I hate this crap. I had a couple professors who pulled this [censored] on exams to humor us. Now that I'm in the real world no one would ever present a circuit in that form so what's the point?

My last question on my last final my last semester was about being Gilligan Islanded with your pet pigeon. You were given a specific list of parts and had to come up with a simple transmitter to save yourself. Of course, I was drunk 45 minutes after the thing ended and came back to help proctor a junior level exam by the same professor. I ended up giving a whole bunch of people the answers to questions. Sweet revenge.
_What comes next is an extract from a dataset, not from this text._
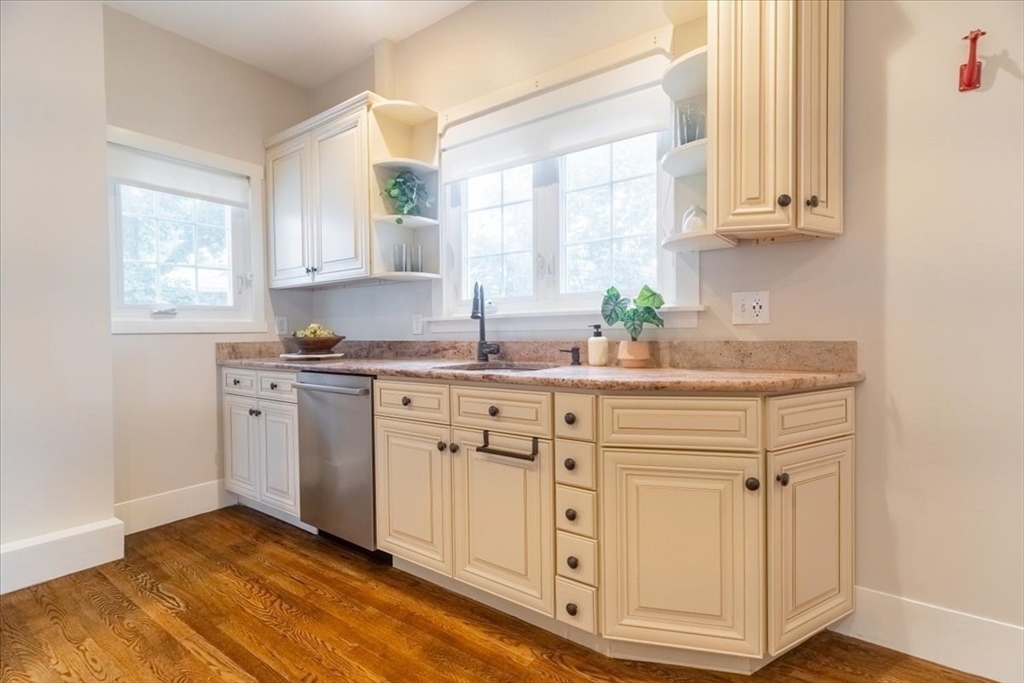 132 Church Street, Unit 1 Waltham, MA 02452 - Photo 11 of 42 a kitchen with granite countertop white cabinets white appliances and sink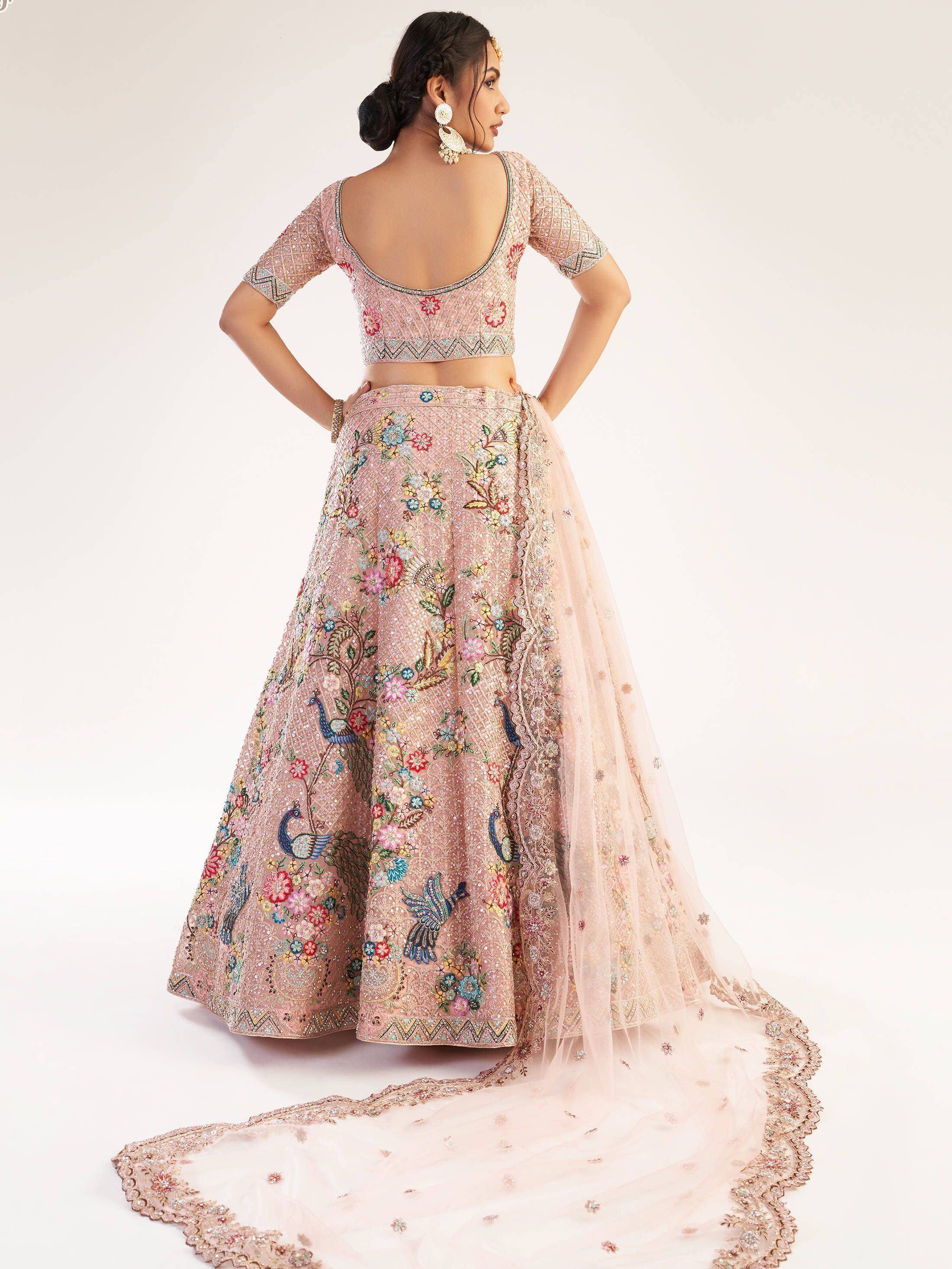 Pink embroidered lehenga choli with peacock and floral motifs, perfect for Indian weddings and festive occasions.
By the way, this really scares me:
[ QUOTE ]
but I'm damn near positive the whole "path of least resitance" thing means that the current wouldn't even pass through R1, R2, R4 and R5 and would instead take this path:


[/ QUOTE ]

[ QUOTE ]
I hate this crap. I had a couple professors who pulled this [censored] on exams to humor us. Now that I'm in the real world no one would ever present a circuit in that form so what's the point?

[/ QUOTE ]

If you ever have to fix a circuit without a schematic, or even check a printed circuit board against a schematic, you would run into exactly this kind of problem.

If you know your stuff, you should prefer this problem to one where you actually have to do a lot of work.


[ QUOTE ]
My last question on my last final my last semester was about being Gilligan Islanded with your pet pigeon. You were given a specific list of parts and had to come up with a simple transmitter to save yourself. Of course, I was drunk 45 minutes after the thing ended and came back to help proctor a junior level exam by the same professor. I ended up giving a whole bunch of people the answers to questions. Sweet revenge.


[/ QUOTE ]

How dare he try to separate the students who could think for themselves from the ones that just regurgitate information. /images/graemlins/smile.gif

A simple transmitter is just an oscillator and an antenna, maybe an amplifier. You can make a simple oscillator from an inverter with feeback through a crystal. Two or three components to match the antenna would be nice. What were the parts?

[ QUOTE ]

By the way, this really scares me:
[ QUOTE ]
but I'm damn near positive the whole "path of least resitance" thing means that the current wouldn't even pass through R1, R2, R4 and R5 and would instead take this path:


[/ QUOTE ]

[/ QUOTE ]

haha, just don't hire him to hook up your bathroom wiring and you should be fine.

[ QUOTE ]
If you ever have to fix a circuit without a schematic, or even check a printed circuit board against a schematic, you would run into exactly this kind of problem.

If you know your stuff, you should prefer this problem to one where you actually have to do a lot of work.

[/ QUOTE ]
True. Fortunately all I've ever had to debug were my own designs.

[ QUOTE ]
My last question on my last final my last semester was about being Gilligan Islanded with your pet pigeon. You were given a specific list of parts and had to come up with a simple transmitter to save yourself. Of course, I was drunk 45 minutes after the thing ended and came back to help proctor a junior level exam by the same professor. I ended up giving a whole bunch of people the answers to questions. Sweet revenge.


[/ QUOTE ]

How dare he try to separate the students who could think for themselves from the ones that just regurgitate information. /images/graemlins/smile.gif

A simple transmitter is just an oscillator and an antenna, maybe an amplifier. You can make a simple oscillator from an inverter with feeback through a crystal. Two or three components to match the antenna would be nice. What were the parts?

[/ QUOTE ]
Or you just write a note and send it home with your pigeon. The circuit and the pigeon answer were both right.